◆ PROVIDED ENTRIES ◆
⟨
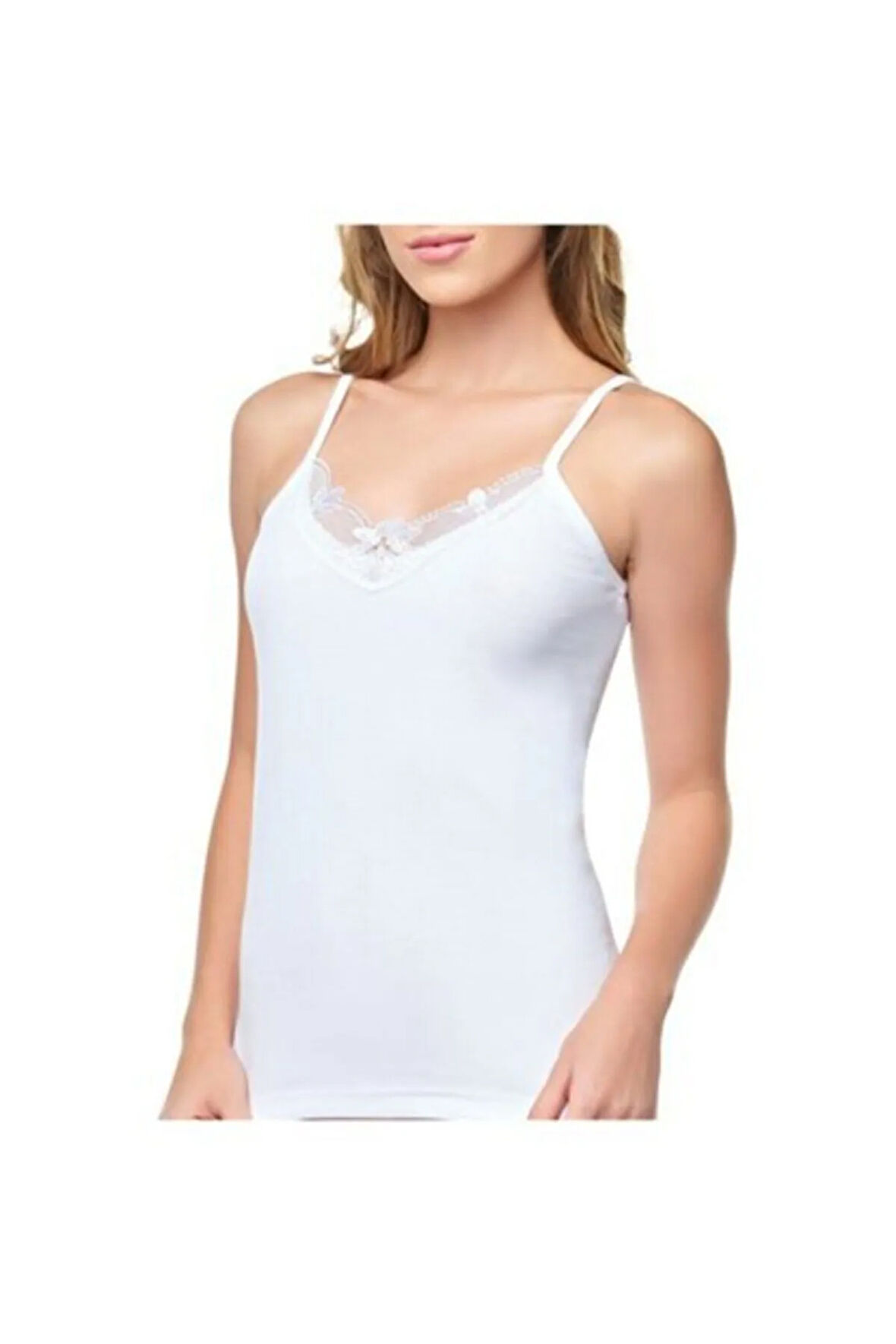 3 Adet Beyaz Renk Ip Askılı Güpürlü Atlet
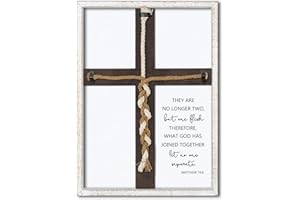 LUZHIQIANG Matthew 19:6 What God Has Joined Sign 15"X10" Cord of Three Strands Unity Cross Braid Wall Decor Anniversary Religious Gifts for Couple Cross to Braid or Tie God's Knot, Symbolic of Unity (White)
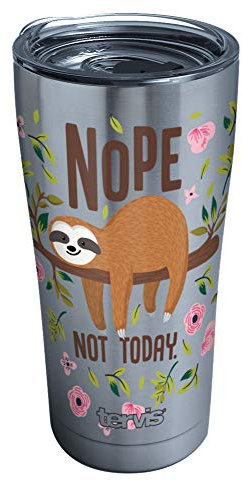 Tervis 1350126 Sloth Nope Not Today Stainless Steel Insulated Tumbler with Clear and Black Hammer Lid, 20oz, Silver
⟩
⟨
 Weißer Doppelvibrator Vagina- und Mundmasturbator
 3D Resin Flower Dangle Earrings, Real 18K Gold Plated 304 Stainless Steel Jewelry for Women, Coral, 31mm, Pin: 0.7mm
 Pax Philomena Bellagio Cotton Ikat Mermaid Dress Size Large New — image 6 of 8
⟩
◆ ASSIGNED TASK ◆
Go back to the listing above and reproduce, exactly, the stretch from the line bearing "LUZHIQIANG Matthew 19:6" through the line bearing "Tervis 1350126 Sloth", without its pictures.

◆ SOLUTION TO THIS EXERCISE ◆
 LUZHIQIANG Matthew 19:6 What God Has Joined Sign 15"X10" Cord of Three Strands Unity Cross Braid Wall Decor Anniversary Religious Gifts for Couple Cross to Braid or Tie God's Knot, Symbolic of Unity (White)
 Tervis 1350126 Sloth Nope Not Today Stainless Steel Insulated Tumbler with Clear and Black Hammer Lid, 20oz, Silver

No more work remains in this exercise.